What is expected
Each line of the material must be repeated precisely, with the pictures left out.

Data below
##########
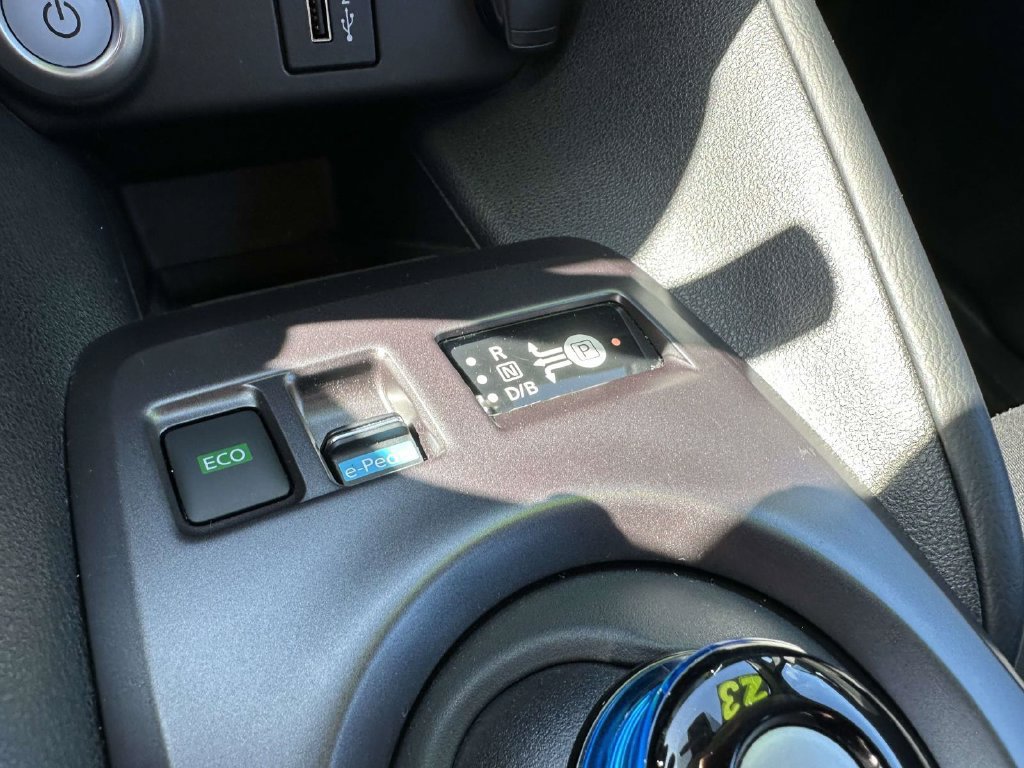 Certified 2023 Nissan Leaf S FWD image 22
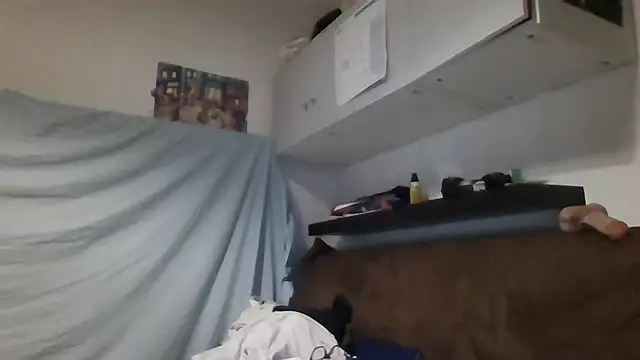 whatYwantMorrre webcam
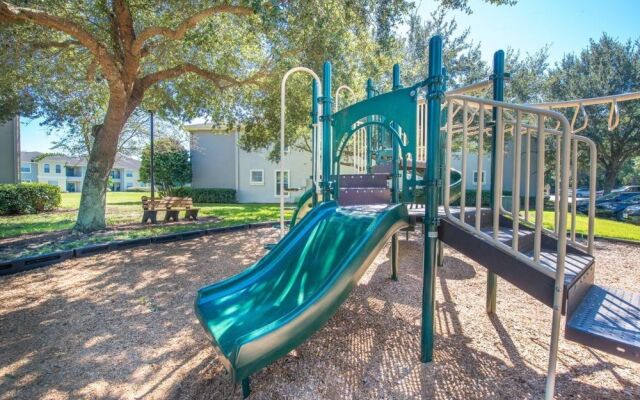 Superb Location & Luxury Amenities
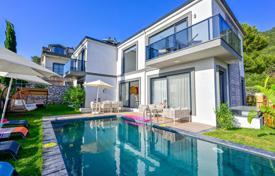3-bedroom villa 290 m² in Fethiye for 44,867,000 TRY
##########
Answer to this exercise
 Certified 2023 Nissan Leaf S FWD image 22
 whatYwantMorrre webcam
 Superb Location & Luxury Amenities
3-bedroom villa 290 m² in Fethiye for 44,867,000 TRY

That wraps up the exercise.